The task
Your answer must be an exact copy of the entries below, with no pictures in it.

Records to use
● ● ●

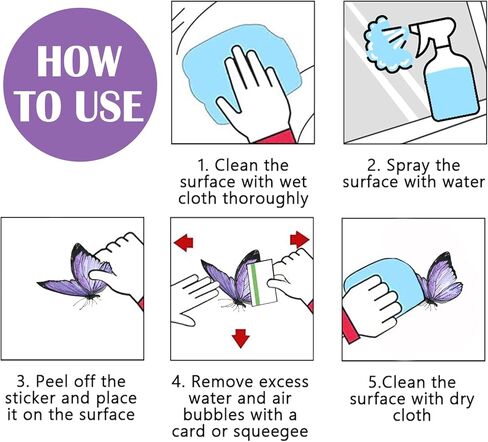 102 قطعة من Yovkky 102 قطعة من ملصقات نافذة الفأر الكرتونية لعيد الفصح السعيد 9 ورقات، ملصقات على شكل بيض الأرنب الأرنب، ملصقات ديكور، سلة زهور الفرخ ديكورات المطبخ المنزلي in Kuwait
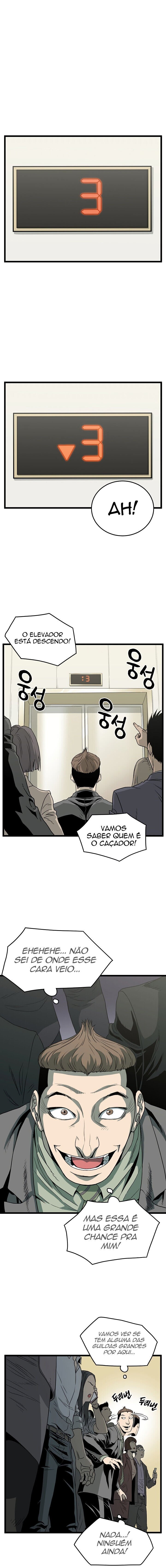 Read Murim Login PT Manga Online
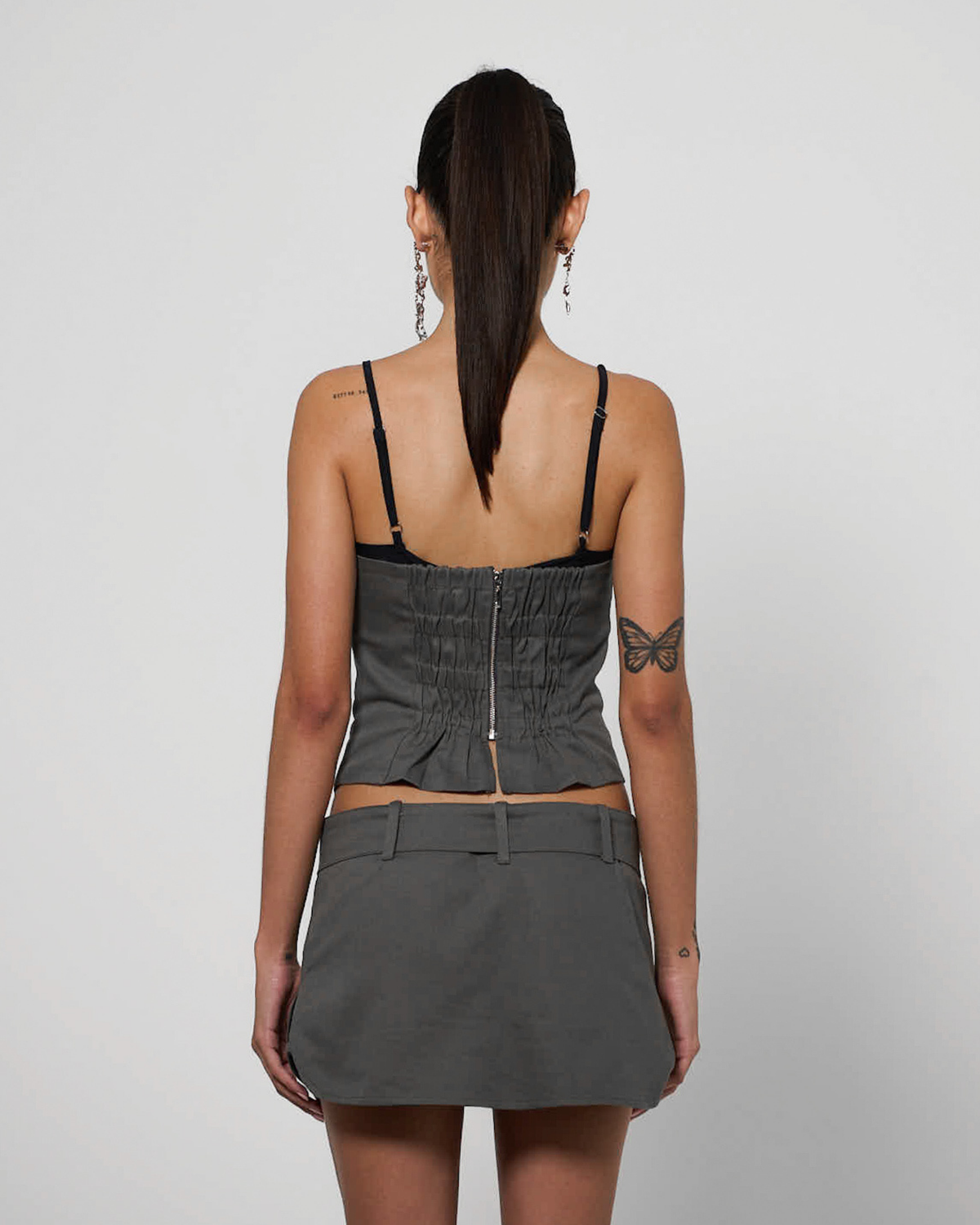 Corset Utopia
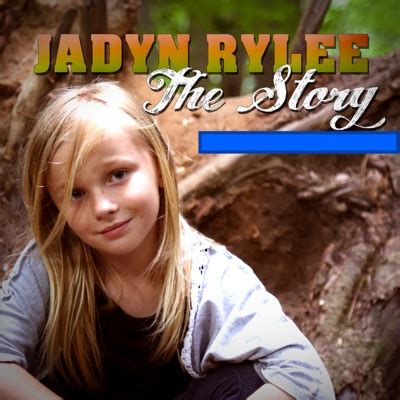 The Story Demo Jadyn Rylee Shazam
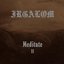 Meditation, Vol. 2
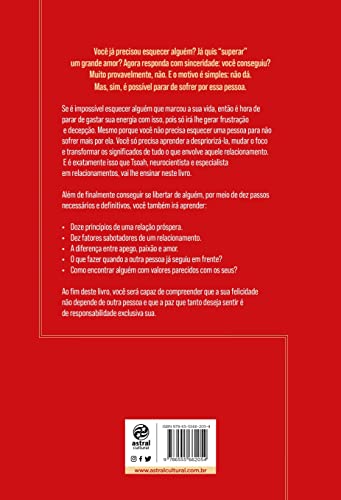 Para você que precisa superar o fim de uma relação e quer (se) amar de novo: Para você que precisa superar o fim de uma relação e quer (se) amar de novo: - Imagem 2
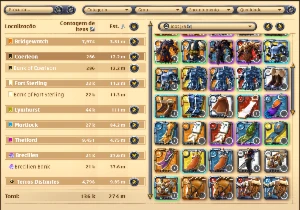 Conta Albion 500M De Fama +510M Em Prata + Skin De Lobo Rara - Albion Online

● ● ●

Reply to the exercise
 102 قطعة من Yovkky 102 قطعة من ملصقات نافذة الفأر الكرتونية لعيد الفصح السعيد 9 ورقات، ملصقات على شكل بيض الأرنب الأرنب، ملصقات ديكور، سلة زهور الفرخ ديكورات المطبخ المنزلي in Kuwait
 Read Murim Login PT Manga Online
 Corset Utopia
 The Story Demo Jadyn Rylee Shazam
 Meditation, Vol. 2
 Para você que precisa superar o fim de uma relação e quer (se) amar de novo: Para você que precisa superar o fim de uma relação e quer (se) amar de novo: - Imagem 2
 Conta Albion 500M De Fama +510M Em Prata + Skin De Lobo Rara - Albion Online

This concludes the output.